This report provides an analysis of American Community Survey (ACS) data for the state of New Jersey, focusing on population characteristics and spatial distribution of selected variables. The analysis includes both non-spatial and spatial components.
In this section, we will analyze non-spatial ACS data related to the percentage of the population with a graduate degree in New Jersey.
We start by fetching ACS data using the tidycensus package, concentrating on the percentage of the population with a graduate degree at the county level for New Jersey.
# Load necessary libraries
library(tidycensus)
library(tidyverse)
library(plotly)
# Use get_acs() to fetch data on the percentage of the population with a graduate degree
# Specify the state of interest (i.e., New Jersey)
acs_data <- get_acs(geography = "county", variables = "DP02_0066P", state = "NJ", survey = "acs5")
# Display a summary of the fetched data
summary(acs_data)
## GEOID NAME variable estimate
## Length:21 Length:21 Length:21 Min. : 5.70
## Class :character Class :character Class :character 1st Qu.:11.60
## Mode :character Mode :character Mode :character Median :14.60
## Mean :15.56
## 3rd Qu.:19.40
## Max. :26.10
## moe
## Min. :0.4000
## 1st Qu.:0.5000
## Median :0.6000
## Mean :0.6143
## 3rd Qu.:0.7000
## Max. :1.0000
After fetching the data, we identify counties with the largest and smallest percentages of graduate degree holders in New Jersey.

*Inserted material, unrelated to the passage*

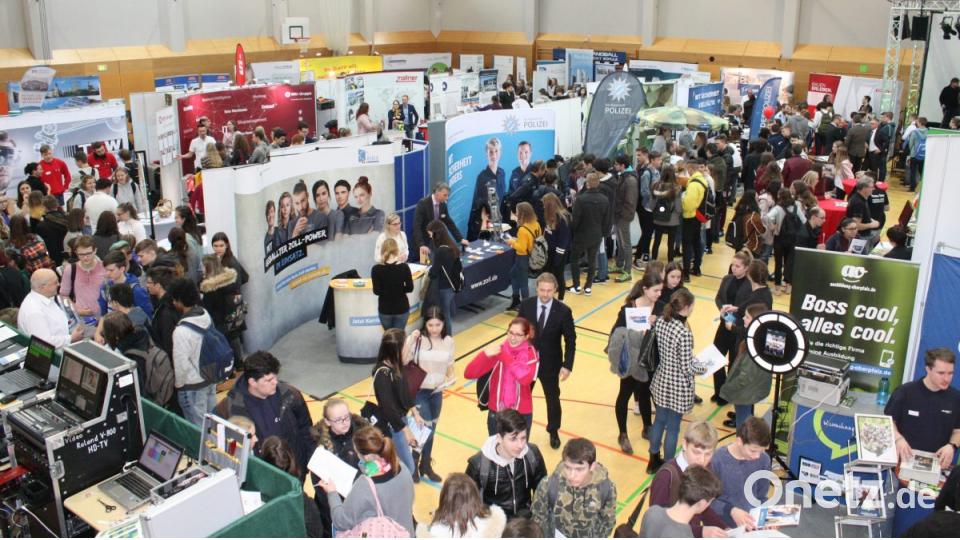 80 Aussteller verwandeln die OGO-Sporthalle bei "Academicus Live" in eine Messearena von 13 00 Quadratmetern. Die Jugendlichen erhalten dort auch im persönlichen Gespräch Orientierungshilfen bei der Berufs- und Studienwahl. Bild: lg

# Find counties with the largest percentages of graduate degree holders
top_counties <- acs_data %>%
arrange(desc(estimate)) %>%
slice(1:5)
top_counties
## # A tibble: 5 × 5
## GEOID NAME variable estimate moe
## <chr> <chr> <chr> <dbl> <dbl>
## 1 34035 Somerset County, New Jersey DP02_0066P 26.1 0.7
## 2 34027 Morris County, New Jersey DP02_0066P 24.2 0.6
## 3 34019 Hunterdon County, New Jersey DP02_0066P 23.1 1
## 4 34003 Bergen County, New Jersey DP02_0066P 20.8 0.5
## 5 34021 Mercer County, New Jersey DP02_0066P 20.2 0.7
# Find counties with the smallest percentages of graduate degree holders
bottom_counties <- acs_data %>%
arrange(estimate) %>%
slice(1:5)
bottom_counties
## # A tibble: 5 × 5
## GEOID NAME variable estimate moe
## <chr> <chr> <chr> <dbl> <dbl>
## 1 34011 Cumberland County, New Jersey DP02_0066P 5.7 0.6
## 2 34033 Salem County, New Jersey DP02_0066P 7.8 0.9
## 3 34031 Passaic County, New Jersey DP02_0066P 9.8 0.4
## 4 34001 Atlantic County, New Jersey DP02_0066P 10.3 0.6
## 5 34029 Ocean County, New Jersey DP02_0066P 11.4 0.4
We create a margin of error plot to visualize the uncertainty in the estimates, providing insights into data reliability.
# Preprocess county names to remove "New Jersey"
acs_data$NAME <- gsub(", New Jersey", "", acs_data$NAME)
# Make a margin of error plot
# This method may not work well for some states due to the nature of the data and its distribution
plot <- ggplot(acs_data, aes(x = reorder(NAME, estimate), y = estimate, ymin = estimate - moe, ymax = estimate + moe)) +
geom_point(color = "blue") +
geom_errorbar(width = 0.2) +
coord_flip() +
labs(title = "Margin of Error for % of Population with Graduate Degree by County",
x = "County",
y = "Percentage with Graduate Degree") +
theme_minimal() +
labs(caption = "This plot visualizes the percentage of population with a graduate degree by county in New Jersey,\nalong with their margin of error. The data is sourced from the American Community Survey (ACS)\n5-Year Estimates.") +
theme(plot.caption = element_text(hjust = 0), axis.text.y = element_text())
plot
To enhance interactivity, we convert the margin of error plot into an interactive chart using the plotly package.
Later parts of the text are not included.